INSTRUCTIONS TO FOLLOW => Give the data back exactly as it stands.

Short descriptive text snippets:
<<<<

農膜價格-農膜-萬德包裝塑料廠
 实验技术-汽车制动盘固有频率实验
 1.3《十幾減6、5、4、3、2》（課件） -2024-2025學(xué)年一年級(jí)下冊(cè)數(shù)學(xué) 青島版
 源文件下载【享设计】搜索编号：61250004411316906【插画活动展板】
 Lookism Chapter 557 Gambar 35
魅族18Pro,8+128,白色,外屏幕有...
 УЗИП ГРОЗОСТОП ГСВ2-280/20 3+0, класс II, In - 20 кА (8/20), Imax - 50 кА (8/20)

>>>>

RESPONSE =>
農膜價格-農膜-萬德包裝塑料廠
 实验技术-汽车制动盘固有频率实验
 1.3《十幾減6、5、4、3、2》（課件） -2024-2025學(xué)年一年級(jí)下冊(cè)數(shù)學(xué) 青島版
 源文件下载【享设计】搜索编号：61250004411316906【插画活动展板】
 Lookism Chapter 557 Gambar 35
魅族18Pro,8+128,白色,外屏幕有...
 УЗИП ГРОЗОСТОП ГСВ2-280/20 3+0, класс II, In - 20 кА (8/20), Imax - 50 кА (8/20)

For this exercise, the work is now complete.